In 2024, Arthur Aidala, a prominent New York lawyer, signed on to represent Carlos Watson in his effort to obtain clemency. Watson, who had started a media company in California, was charged by federal prosecutors in Brooklyn with falsifying financial records to defraud investors and lenders. He was convicted and sentenced to 116 months in prison. “We were going through the process,” Aidala told me. “The message that we got was, ‘Trump wants to know what Alan thinks.’”

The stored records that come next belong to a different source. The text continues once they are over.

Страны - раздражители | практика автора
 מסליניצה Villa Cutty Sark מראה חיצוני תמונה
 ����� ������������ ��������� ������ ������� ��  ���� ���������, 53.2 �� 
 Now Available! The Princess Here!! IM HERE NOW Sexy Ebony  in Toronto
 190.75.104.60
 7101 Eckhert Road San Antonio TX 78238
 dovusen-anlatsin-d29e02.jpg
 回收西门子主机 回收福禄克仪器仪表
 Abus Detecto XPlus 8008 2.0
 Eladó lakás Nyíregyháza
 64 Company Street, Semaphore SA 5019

Alan Dershowitz, the Harvard Law School emeritus professor, occupies a rarefied place in Trump’s orbit. During Trump’s first term, he helped defend the president in his first impeachment trial in the Senate, and as Trump prepared to leave office, he represented several clients who won clemency. According to Aidala, Dershowitz addressed the White House questions about the Watson case, and Watson was granted a commutation just hours before he was supposed to report to prison on March 28, 2025. (A White House official familiar with the pardon process disputed this description of Dershowitz’s role.)

These days, at age 87, Dershowitz no longer represents applicants directly and doesn’t lobby, but he does do consulting work for lawyers seeking clemency for their clients. “On several occasions, President Trump and others in the White House have called me for my opinion about various legal issues,” Dershowitz told me, declining to specify which ones.

Lawyers like Dershowitz are not required to reveal their fees on federal disclosure forms; only lobbyists have that legal obligation. But many lawyers are also lobbyists, and the line between the two functions is less than clear. Compliance with the disclosure rules is also known to be spotty. In other words, in the current pardon gold rush, it’s likely that clients have paid millions of dollars to brokers that have never been reported to the government. 

At times, the origin of a pardon can be identified with precision. Last year, Trump’s own Justice Department charged a real estate developer named Timothy Leiweke with conspiring to steer bids to his company in connection with the construction of a $375 million basketball arena at the University of Texas. The charges could have landed him in prison for 10 years. According to The Wall Street Journal, on Nov. 16, Trump played golf in Florida with Trey Gowdy, a former congressman from South Carolina, a current Fox News contributor and an attorney for Leiweke. Trump asked Gowdy if there was anything he could do for him, and Gowdy brought up Leiweke’s case. Three weeks later, Trump pardoned Leiweke, even though he had not yet gone to trial. “I am extremely grateful that the president allowed me to raise that issue with him,” Gowdy told The Journal.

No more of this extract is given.